This view shows all of the gear installed in the equipment area. The author used masking tape to cover the loose wires.

Locate the E-flite 20-amp ESCs and receiver to the wing as shown on the plans. You can spot glue them down or use Velcro. I used a Spektrum AR7000 receiver, but I recommend the less-expensive Spektrum AR600. Route the wiring as needed through the cutout in the main body fin. I use the BEC receiver power output from both ESCs instead of removing one of the power leads. Notch the main body outboard pieces to accept the servos. I added the grommets to the servos and used CA on the grommet/foam interface to hold the servo in place. The JR DS368BB servos I used may be overkill in terms of torque, but I had them available, and the metal gears won’t break. Don’t use micro servos in this application. I doubt that they have sufficient torque. Finally add some small pieces of balsa across the equipment bays to hold the wiring down. I used string hinges to attach the elevons to the wing. They have no binding issues and are easy to install. Drill holes through the wing in front of the aft spar and in each elevon. Stiffen the ends of the string with CA and thread it through the wing and elevon. Install the control horns with bolts through the elevons. Assemble and attach the pushrod assemblies from the servos to the elevons. Start with a control surface position of approximately 1/8-inch up-elevon and adjust during flight to maintain level flight. The Borealis shown in the photos has a rudder, but I haven’t convinced myself it is worth the effort because I rarely use it.
The completed Borealis weighs 32 ounces and can be painted easily for a unique finish.

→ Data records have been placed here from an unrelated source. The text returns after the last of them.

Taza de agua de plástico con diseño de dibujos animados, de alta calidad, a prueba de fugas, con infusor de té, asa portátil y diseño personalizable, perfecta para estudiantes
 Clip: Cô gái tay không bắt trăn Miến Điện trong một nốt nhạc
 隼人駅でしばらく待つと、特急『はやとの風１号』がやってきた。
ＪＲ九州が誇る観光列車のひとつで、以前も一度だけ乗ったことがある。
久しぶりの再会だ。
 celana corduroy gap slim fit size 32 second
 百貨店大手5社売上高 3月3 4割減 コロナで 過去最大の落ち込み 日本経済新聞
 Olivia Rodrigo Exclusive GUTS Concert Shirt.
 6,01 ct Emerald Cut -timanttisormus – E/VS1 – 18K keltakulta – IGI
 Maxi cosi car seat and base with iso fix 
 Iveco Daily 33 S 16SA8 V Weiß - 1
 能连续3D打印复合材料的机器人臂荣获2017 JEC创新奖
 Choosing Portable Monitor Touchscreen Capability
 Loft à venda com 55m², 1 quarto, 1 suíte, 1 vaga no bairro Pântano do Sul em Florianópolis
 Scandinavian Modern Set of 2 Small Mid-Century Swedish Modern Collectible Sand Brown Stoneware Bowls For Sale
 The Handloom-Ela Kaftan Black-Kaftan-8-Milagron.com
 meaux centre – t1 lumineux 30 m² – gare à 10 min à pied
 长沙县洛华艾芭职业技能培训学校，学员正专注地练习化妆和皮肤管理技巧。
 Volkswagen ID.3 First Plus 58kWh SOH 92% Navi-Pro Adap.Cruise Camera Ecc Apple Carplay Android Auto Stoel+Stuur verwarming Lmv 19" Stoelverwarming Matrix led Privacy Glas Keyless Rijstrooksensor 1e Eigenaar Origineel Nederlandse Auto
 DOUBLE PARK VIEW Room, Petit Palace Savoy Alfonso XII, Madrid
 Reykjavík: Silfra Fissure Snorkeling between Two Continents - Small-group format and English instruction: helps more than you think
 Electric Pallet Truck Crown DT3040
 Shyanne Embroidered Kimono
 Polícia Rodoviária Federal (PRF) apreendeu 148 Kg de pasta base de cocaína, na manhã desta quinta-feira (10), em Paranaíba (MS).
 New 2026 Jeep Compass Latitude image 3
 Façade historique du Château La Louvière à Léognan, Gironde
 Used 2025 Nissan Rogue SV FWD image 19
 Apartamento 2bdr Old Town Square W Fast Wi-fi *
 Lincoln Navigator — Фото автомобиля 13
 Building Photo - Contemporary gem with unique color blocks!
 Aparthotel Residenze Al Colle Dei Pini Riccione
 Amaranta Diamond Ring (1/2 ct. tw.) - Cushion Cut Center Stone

If you decide to add a rudder, be sure to brace the vertical tail on each side with a strong string that runs at roughly a 45° angle from the vertical tail down to the surface of the wing. Pull the string tight and CA it in place. If you don’t, the bending moment from the deflected rudder may break the glue joint between the vertical tail and the wing. With an E-flite 3s 2100 mAh LiPo battery positioned against the forward part of the battery area, the model should balance at the CG location shown on the plans. This is a conservative CG location and a good starting place. You may want to experiment with the CG position as you gain experience with the airplane’s characteristics. Moving the CG aft will make the airplane more responsive to control inputs until an unstable point is reached. The Borealis can be flown with the simplest of transmitters. If your transmitter has an elevon-mixing capability, that is all that you need. If not, you can use a standard elevon mixer with your receiver. Exotic features such as control rate switching capability and exponential are unnecessary.
The Borealis is a fast, maneuverable, honest-flying airplane that is not hard to pilot, and it looks delightful in the air

Although I fly my Borealis with a JR 12X 2.4 GHz, which has triple rate settings on each surface, I usually use one rate setting for the entire flight. Little or no exponential is needed in pitch or roll; the foam will deflect slightly and soften the control inputs, which makes the airplane great for the simpler radio systems. Set initial elevon, up and down, and low rate deflections equal to 5/8 inch when the transmitter roll stick input is zero. You can adjust the final deflections to suit your preferences. Set the high rate deflections as high as your servos will allow for some exciting flying times. The finished airplane with a battery weighed exactly 2 pounds and the power level was measured at more than 250 watts. This gives a power loading of well beyond 100 watts per pound and promises good performance. I fly the airplane with Landing Products electric propellers ranging from 8 x 6 to 9 x 6. I recommend starting with 9 x 6 counterrotating propellers, which will eliminate torque effects. This will give maximum thrust and speed. The motor temperatures at the end of a flight are cool, so the setup is fine. I have flown the airplane with propellers rotating in the same direction—all that I had available at the time—and the Borealis flew fine. It only needed a bit of roll trim. The airplane has no bad traits and looks great in the air. It is an unusual-looking planform and is a nice change from the usual airplanes seen at the flying field.
The airplane takes off nicely in a smooth, underhand launch with the nose up at roughly 30°.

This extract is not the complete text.